=== Begin Enclosure ===
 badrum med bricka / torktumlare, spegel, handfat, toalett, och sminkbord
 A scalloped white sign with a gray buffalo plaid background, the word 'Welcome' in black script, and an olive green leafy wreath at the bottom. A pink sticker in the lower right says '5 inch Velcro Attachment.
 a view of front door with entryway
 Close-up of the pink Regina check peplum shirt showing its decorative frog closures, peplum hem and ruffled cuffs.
=== End Enclosure ===
**ASSIGNED TASK:** Check each line of the material for the string "with" and say how many lines have it. Give the number only.

**ANSWER TO THIS TASK:** 2